* YOUR TASK *
Set down exactly, and only, the lines from the one with "this 700×466 image." to the final line of the entries, both included.
--- DATA FOR THIS TASK Enclosed Below ---
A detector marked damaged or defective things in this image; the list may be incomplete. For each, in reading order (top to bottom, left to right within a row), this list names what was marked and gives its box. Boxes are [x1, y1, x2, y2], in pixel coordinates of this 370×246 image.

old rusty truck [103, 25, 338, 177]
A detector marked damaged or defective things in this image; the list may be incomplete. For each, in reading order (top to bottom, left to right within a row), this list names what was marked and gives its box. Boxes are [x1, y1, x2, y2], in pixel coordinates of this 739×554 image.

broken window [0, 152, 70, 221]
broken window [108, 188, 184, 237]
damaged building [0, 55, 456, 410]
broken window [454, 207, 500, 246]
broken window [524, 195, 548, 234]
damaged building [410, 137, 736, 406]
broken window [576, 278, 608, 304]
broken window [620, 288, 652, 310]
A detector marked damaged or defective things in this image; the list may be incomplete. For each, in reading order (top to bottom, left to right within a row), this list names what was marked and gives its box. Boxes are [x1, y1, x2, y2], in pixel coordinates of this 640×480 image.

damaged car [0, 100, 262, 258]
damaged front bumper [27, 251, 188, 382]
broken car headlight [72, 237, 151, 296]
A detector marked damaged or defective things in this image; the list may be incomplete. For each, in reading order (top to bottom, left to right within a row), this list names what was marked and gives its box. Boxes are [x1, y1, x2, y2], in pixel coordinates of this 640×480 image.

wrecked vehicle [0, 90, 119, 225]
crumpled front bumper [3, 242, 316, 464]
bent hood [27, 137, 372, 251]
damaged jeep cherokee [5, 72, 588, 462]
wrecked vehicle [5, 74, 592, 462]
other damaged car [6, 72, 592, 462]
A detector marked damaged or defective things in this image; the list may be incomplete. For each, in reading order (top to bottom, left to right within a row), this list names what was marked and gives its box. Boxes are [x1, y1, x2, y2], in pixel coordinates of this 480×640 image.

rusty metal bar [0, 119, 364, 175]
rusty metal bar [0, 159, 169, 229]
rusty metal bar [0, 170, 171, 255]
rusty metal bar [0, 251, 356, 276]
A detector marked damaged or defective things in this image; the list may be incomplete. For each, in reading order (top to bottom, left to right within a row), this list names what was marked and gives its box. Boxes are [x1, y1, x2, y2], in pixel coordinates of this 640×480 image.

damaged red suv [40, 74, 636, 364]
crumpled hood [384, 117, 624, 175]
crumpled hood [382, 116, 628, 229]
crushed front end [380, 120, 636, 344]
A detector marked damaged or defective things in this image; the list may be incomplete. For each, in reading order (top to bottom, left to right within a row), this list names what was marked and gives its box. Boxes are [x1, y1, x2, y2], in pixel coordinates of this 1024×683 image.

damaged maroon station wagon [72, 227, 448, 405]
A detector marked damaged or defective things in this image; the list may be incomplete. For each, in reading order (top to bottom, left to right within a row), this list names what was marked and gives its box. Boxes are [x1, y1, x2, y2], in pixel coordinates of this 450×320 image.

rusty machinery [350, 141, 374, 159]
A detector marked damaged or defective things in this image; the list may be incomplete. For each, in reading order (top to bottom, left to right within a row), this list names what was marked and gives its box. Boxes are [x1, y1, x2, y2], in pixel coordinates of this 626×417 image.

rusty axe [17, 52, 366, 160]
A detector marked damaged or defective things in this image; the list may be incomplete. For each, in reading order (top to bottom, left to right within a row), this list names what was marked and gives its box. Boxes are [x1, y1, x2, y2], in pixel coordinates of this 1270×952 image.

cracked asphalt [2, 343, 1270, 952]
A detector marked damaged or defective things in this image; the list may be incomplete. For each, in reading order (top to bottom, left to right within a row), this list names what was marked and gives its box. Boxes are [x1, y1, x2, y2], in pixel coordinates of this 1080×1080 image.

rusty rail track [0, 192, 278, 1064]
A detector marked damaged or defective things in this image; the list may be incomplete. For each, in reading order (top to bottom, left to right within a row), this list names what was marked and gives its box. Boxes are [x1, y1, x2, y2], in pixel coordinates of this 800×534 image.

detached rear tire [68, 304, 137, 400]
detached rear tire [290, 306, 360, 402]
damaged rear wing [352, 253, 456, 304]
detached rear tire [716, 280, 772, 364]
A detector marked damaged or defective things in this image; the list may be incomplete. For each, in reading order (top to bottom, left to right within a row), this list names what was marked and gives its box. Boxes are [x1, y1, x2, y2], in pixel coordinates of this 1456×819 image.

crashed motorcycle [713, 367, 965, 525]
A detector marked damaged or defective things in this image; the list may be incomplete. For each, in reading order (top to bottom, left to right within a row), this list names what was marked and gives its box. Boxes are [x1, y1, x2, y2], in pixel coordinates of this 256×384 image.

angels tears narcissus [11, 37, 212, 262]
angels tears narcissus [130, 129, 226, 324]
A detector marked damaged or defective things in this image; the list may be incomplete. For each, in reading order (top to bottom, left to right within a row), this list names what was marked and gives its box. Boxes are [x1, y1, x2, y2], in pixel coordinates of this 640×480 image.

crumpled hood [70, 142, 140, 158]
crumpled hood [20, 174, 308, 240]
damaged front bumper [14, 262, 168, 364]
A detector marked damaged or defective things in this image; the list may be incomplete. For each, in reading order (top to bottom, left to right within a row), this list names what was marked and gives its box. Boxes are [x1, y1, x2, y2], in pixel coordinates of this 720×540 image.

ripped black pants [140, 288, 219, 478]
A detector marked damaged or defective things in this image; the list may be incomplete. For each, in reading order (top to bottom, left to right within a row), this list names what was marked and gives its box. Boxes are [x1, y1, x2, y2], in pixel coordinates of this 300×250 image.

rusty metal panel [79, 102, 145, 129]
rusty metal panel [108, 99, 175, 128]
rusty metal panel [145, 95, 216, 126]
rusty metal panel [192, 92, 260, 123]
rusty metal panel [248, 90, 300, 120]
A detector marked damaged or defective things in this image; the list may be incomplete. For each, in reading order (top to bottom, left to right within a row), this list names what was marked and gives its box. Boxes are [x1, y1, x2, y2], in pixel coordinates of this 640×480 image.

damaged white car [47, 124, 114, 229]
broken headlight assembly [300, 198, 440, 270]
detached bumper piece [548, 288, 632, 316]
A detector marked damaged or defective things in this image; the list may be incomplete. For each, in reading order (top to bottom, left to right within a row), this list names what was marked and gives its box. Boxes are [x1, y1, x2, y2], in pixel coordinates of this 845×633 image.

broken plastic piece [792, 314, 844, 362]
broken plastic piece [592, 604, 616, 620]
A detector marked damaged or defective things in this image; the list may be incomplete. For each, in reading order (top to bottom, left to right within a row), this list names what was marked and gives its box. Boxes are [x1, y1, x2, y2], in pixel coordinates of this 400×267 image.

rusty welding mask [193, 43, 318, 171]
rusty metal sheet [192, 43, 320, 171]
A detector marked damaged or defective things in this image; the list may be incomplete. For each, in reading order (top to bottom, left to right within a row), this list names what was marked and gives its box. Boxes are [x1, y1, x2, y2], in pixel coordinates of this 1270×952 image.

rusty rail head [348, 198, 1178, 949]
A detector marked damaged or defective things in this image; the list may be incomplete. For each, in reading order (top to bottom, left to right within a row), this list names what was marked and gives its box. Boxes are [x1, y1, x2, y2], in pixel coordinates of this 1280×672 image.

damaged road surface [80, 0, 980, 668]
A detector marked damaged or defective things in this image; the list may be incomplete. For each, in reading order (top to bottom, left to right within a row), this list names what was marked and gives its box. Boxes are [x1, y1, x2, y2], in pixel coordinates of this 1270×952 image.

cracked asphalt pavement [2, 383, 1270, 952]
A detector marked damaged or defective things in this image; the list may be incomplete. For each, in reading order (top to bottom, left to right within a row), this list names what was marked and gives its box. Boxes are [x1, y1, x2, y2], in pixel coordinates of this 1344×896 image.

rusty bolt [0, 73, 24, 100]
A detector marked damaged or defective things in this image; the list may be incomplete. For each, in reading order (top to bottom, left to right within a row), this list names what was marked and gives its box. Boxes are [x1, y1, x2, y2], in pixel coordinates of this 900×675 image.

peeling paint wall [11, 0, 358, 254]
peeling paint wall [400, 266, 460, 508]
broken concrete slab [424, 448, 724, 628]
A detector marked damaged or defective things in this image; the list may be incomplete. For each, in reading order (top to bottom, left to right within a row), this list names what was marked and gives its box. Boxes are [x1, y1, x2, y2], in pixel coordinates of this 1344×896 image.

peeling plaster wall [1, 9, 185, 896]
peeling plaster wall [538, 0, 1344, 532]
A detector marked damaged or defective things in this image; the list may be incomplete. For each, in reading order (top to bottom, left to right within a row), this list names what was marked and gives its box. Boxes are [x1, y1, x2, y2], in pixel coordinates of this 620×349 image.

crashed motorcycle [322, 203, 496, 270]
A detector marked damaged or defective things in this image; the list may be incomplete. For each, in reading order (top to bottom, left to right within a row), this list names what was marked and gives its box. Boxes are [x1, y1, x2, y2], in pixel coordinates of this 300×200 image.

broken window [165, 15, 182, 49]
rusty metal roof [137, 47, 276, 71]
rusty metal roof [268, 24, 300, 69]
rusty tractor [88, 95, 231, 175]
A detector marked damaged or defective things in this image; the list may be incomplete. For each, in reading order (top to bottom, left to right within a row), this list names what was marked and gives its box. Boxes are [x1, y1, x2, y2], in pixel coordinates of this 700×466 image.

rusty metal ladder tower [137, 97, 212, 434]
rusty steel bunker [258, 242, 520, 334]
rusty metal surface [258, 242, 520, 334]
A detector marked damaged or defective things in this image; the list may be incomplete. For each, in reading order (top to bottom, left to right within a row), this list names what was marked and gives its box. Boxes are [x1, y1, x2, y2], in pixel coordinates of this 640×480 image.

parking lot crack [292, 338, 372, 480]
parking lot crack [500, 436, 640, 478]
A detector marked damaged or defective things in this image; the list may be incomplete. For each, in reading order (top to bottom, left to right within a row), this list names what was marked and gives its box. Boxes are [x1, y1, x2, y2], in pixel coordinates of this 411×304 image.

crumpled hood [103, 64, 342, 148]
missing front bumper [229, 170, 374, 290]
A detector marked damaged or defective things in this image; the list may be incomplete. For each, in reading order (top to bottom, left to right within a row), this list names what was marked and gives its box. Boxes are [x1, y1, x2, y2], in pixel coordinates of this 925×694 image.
--- End of Enclosed DATA FOR THIS TASK ---
* RESPONSE FOR THIS EXERCISE *
A detector marked damaged or defective things in this image; the list may be incomplete. For each, in reading order (top to bottom, left to right within a row), this list names what was marked and gives its box. Boxes are [x1, y1, x2, y2], in pixel coordinates of this 700×466 image.

rusty metal ladder tower [137, 97, 212, 434]
rusty steel bunker [258, 242, 520, 334]
rusty metal surface [258, 242, 520, 334]
A detector marked damaged or defective things in this image; the list may be incomplete. For each, in reading order (top to bottom, left to right within a row), this list names what was marked and gives its box. Boxes are [x1, y1, x2, y2], in pixel coordinates of this 640×480 image.

parking lot crack [292, 338, 372, 480]
parking lot crack [500, 436, 640, 478]
A detector marked damaged or defective things in this image; the list may be incomplete. For each, in reading order (top to bottom, left to right within a row), this list names what was marked and gives its box. Boxes are [x1, y1, x2, y2], in pixel coordinates of this 411×304 image.

crumpled hood [103, 64, 342, 148]
missing front bumper [229, 170, 374, 290]
A detector marked damaged or defective things in this image; the list may be incomplete. For each, in reading order (top to bottom, left to right within a row), this list names what was marked and gives its box. Boxes are [x1, y1, x2, y2], in pixel coordinates of this 925×694 image.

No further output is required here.